While the Dow Jones Industrial average posted its longest winning streak (13 straight trading sessions) since 1987, mega-cap tech stocks and growth-oriented issues lost a bit of their mojo as investors kept a keen eye on the Q2 earnings season and the Federal Reserve Board’s 25-basis-point interest rate hike during the fund-flows week.

On the domestic equity side of the equation, the Dow (+1.31%) posted the strongest return of the broad-based U.S. indices, followed by the S&P 500 (+0.02%) and the Russell 2000 (-0.23%). The Nasdaq Composite (-1.61%) was the laggard of the group. Overseas, the Shanghai Composite (+1.72%) rose to the top of the leaderboard of the often-followed broad-based international indices, followed by the FTSE 100 (+1.45%) and the Xetra DAX Total Return index (-0.99%). Meanwhile, the Nikkei 225 (-1.24%) posted the largest decline for the flows week.

For the fund-flows week, the Morningstar LSTA U.S. Leveraged Loan Index (+0.16%) outpaced the Bloomberg Municipal Bond Index (+0.03%) and the Bloomberg U.S. Aggregate Bond Index (-0.46%). In anticipation of the Fed hiking its key lending rate at the end of the fund-flows week, the 10-year Treasury yield finished higher, rising 11 basis points (bps)—settling at 3.86%—while the two-year Treasury yield rose eight bps to close out the flows week at 4.82%. The U.S. Treasury yield curve remained inverted, with the two- and 10-year Treasury yield spread (-96 bps) narrowing by three bps for the week. The three-year Treasury yield witnessed the largest rise in yields for the week, jumping 13 bps to 4.47%.

On Thursday, July 20, U.S. stocks finished mostly higher, with the Dow posting its ninth consecutive day of upside performance as investors embraced value stocks while giving a cold shoulder to tech and growth-oriented issues. Tech issues witnessed declines after Netflix (NFLX) released its Q2 earnings report which showed revenue fell short of expectations. Adding to the pain, semiconductor shares took a beating after Taiwan Semiconductor Manufacturing (TSM), while beating Q2 earnings expectations, reported contracting margins and provided downbeat guidance. The 10-year Treasury yield rose 10 bps on the day in anticipation of the Fed hiking its key lending rate later in the flows week.

U.S. stocks ended mixed on Friday, July 21, with the Dow rising for the tenth straight day.
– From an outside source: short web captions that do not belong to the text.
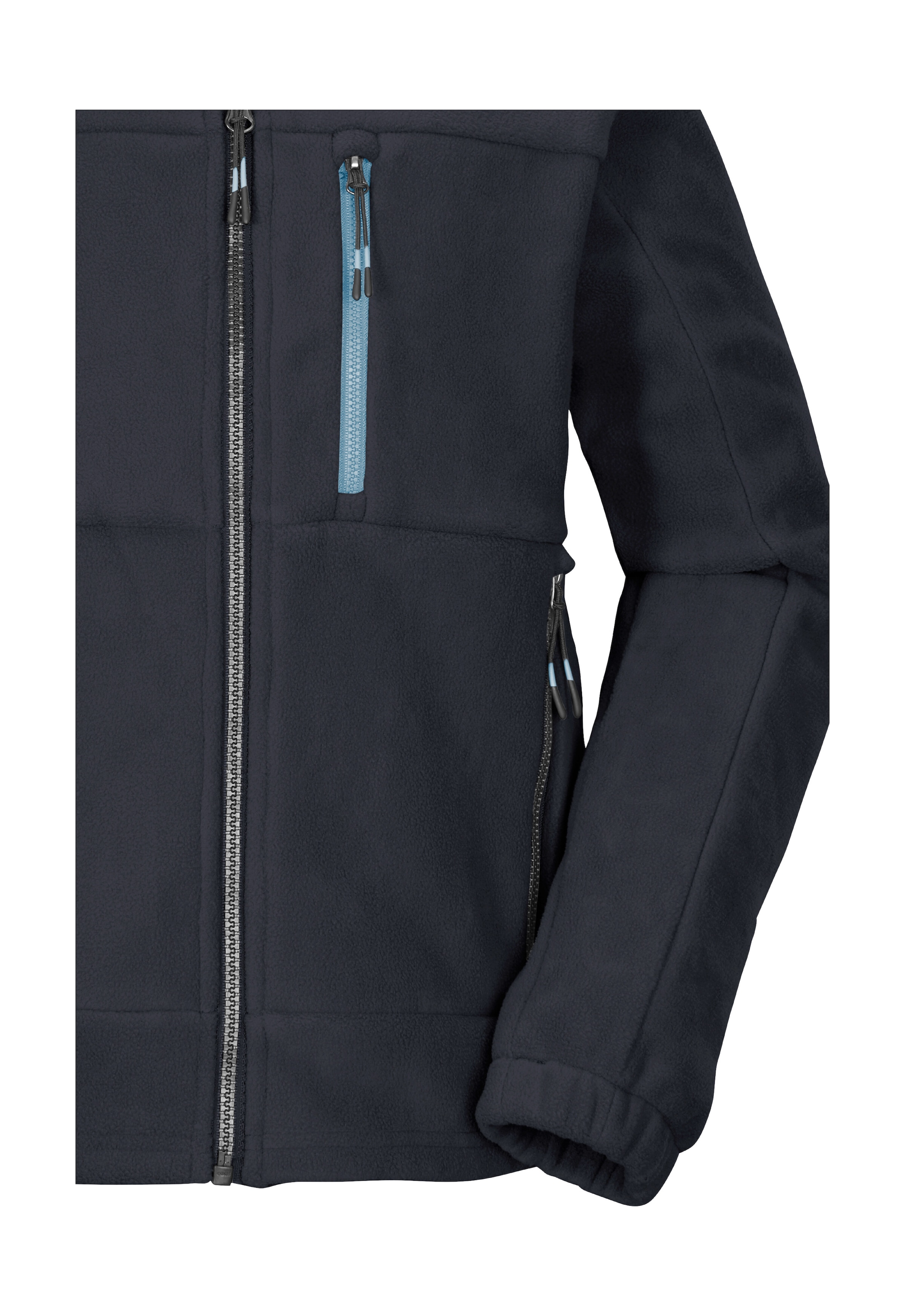 Killtec Fleecejacke »KOW 225 BYS FLC JCKT«, Kinder Fleecejacke mit Stehkragen, Kinnschutz und Zipper-Taschen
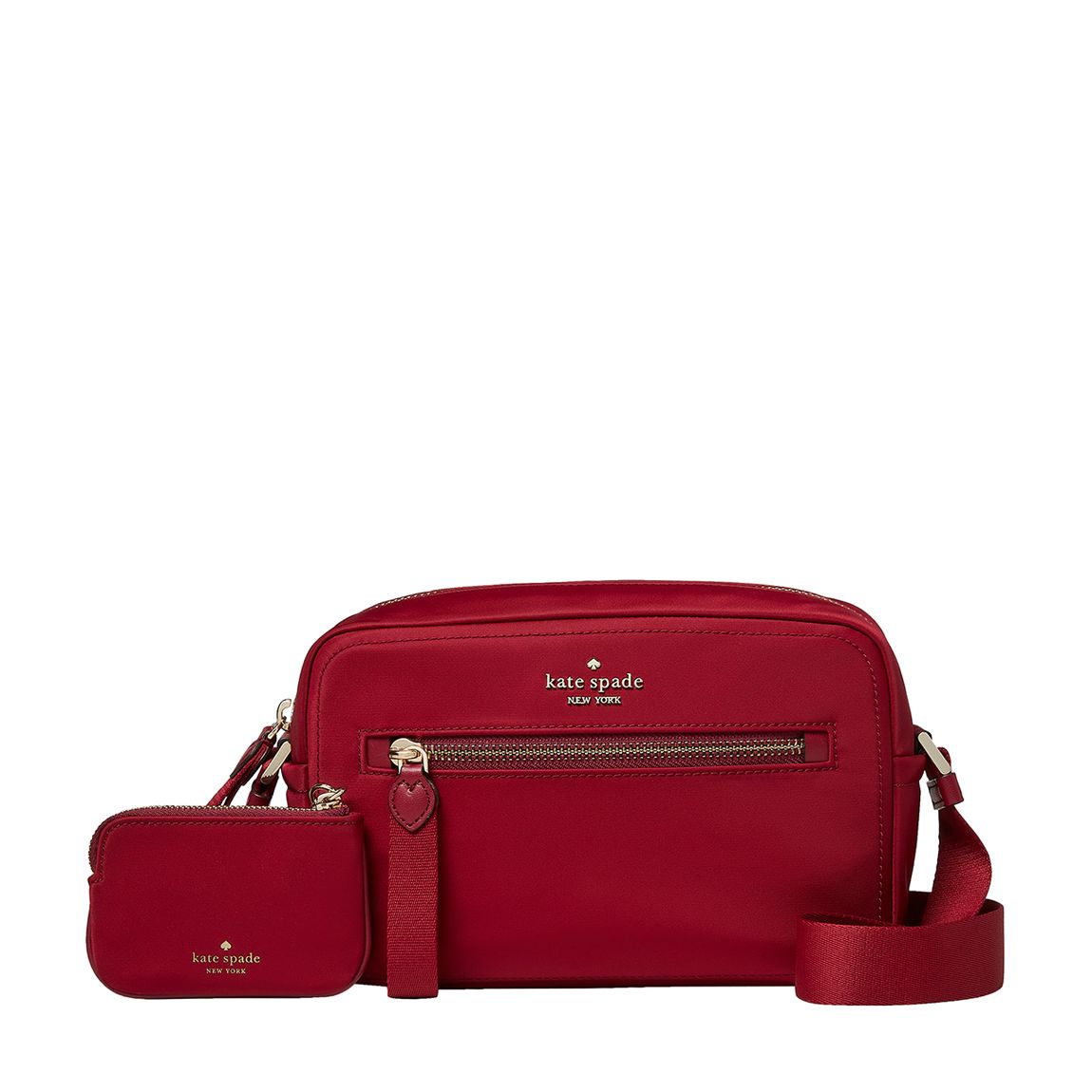 Cranberry Cocktail Chelsea Camera Bag main product photo
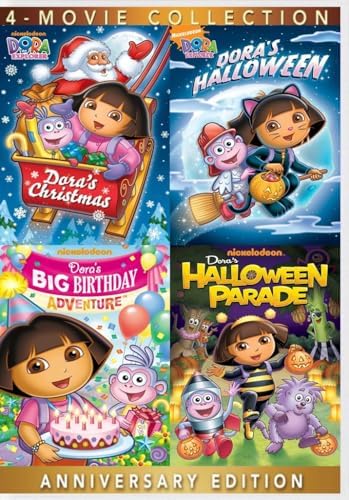 Dora the Explorer 8枚組Collection Amazon.com: Dora the Explorer: The Epic Adventure Collection (8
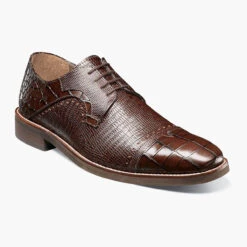Stacy Adams Men's Esposito Cap Toe Oxford - Brown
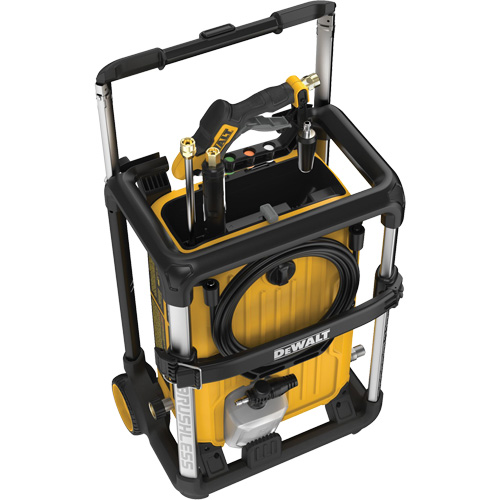 DEWALT DWPW3000 Laveuse &agrave; pression &agrave; eau froide avec moteur sans balai 13 A, &eacute;lectrique, 3000 psi, 1,1 gal./min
Investors prepared for the expiration of $2.3 trillion of U.S.-listed options at the days end, the “special” rebalancing of the Nasdaq 100 index (implemented to ward off concentration risk and was effective on Monday’s open), and for earnings and guidance from mega-cap tech issues in the following week. According to our Refinitiv I/B/E/S team, of the 89 S&P 500 constituents that reported earnings thus far, 73% beat analyst expectations. However, year-over-year Q2 blended earnings growth estimates, excluding the energy sector, came in at negative 2.2%.

The Dow experienced its eleventh consecutive market rise on Monday, July 24, as investors drove up equites ahead of the Federal Open Market Committee (FOMC) policy-setting decision due out Wednesday and a busy week of corporate earnings reports. On the U.S. economic front, according to S&P Global July surveys, the U.S. economy grew at its slowest pace in five months. The S&P U.S. services-sector index fell to 52.4 from 54.4 in June—its lowest reading since February, while its management-sector-index rose to 49 from 46.3, still signaling contraction.

All three of the commonly followed broad U.S. indices rose on Tuesday, July 25, despite being in a holding pattern ahead of the Fed’s monetary policy decision and approximately 35% (170) S&P 500 companies due to report their Q2 earnings this week. Helping cement the generally upbeat sentiment on the day, Chinese stocks rallied after Beijing’s top leaders signaled support for its heavily indebted property sector. In other news, the Conference Board’s consumer confidence index jumped to 117.0 in July from 110.1 in June, beating analysts’ expectations and climbing to a two-year high, as worries over inflation and recession temporally ebbed.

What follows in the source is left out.